Nothing but the lines from the one containing "ảnh 1 Truong" through the end of the data should be retyped, exactly as they stand, and pictures should not be retyped.

* **DATASET SECTION**
◆ ◆ ◆ ◆ ◆

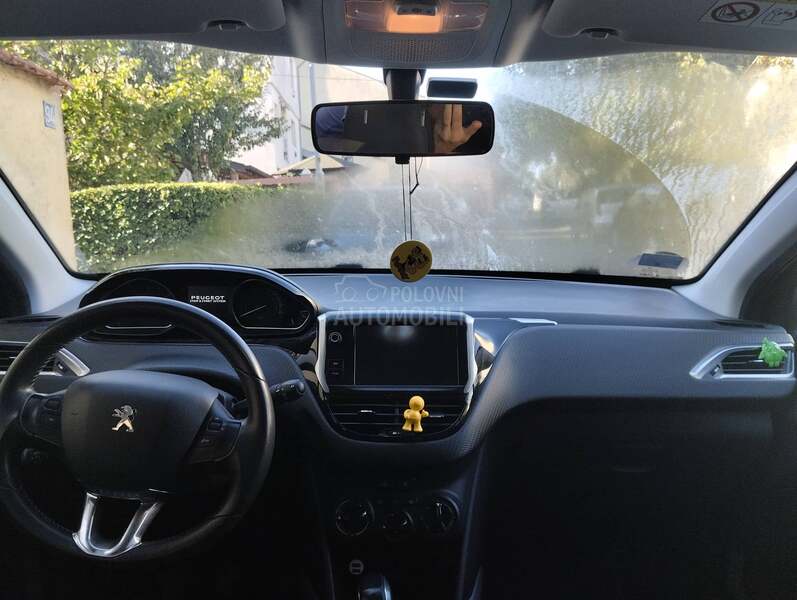 Peugeot 2008 1.2 Urban Cross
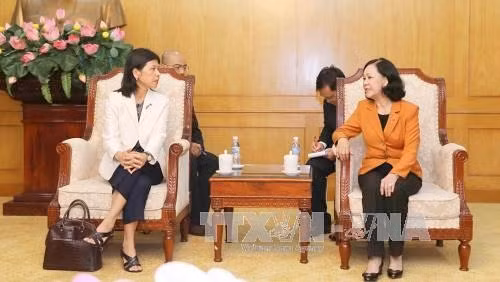 Truong Thi Mai reçoit l’ambassadrice du Canada au Vietnam ảnh 1 Truong Thi Mai reçoit l’ambassadrice du Canada au Vietnam ảnh 1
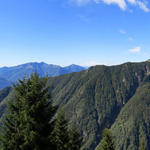 sehr schönes Breitbildfoto mit Blick ins Valle di Sementina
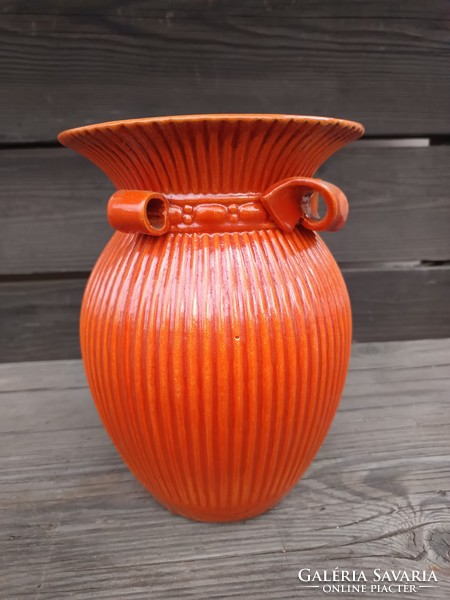 Retro ceramic vase. 21 cm high orange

◆ ◆ ◆ ◆ ◆

* **OUTPUT FOR THIS EXERCISE**
 Truong Thi Mai reçoit l’ambassadrice du Canada au Vietnam ảnh 1 Truong Thi Mai reçoit l’ambassadrice du Canada au Vietnam ảnh 1
 sehr schönes Breitbildfoto mit Blick ins Valle di Sementina
 Retro ceramic vase. 21 cm high orange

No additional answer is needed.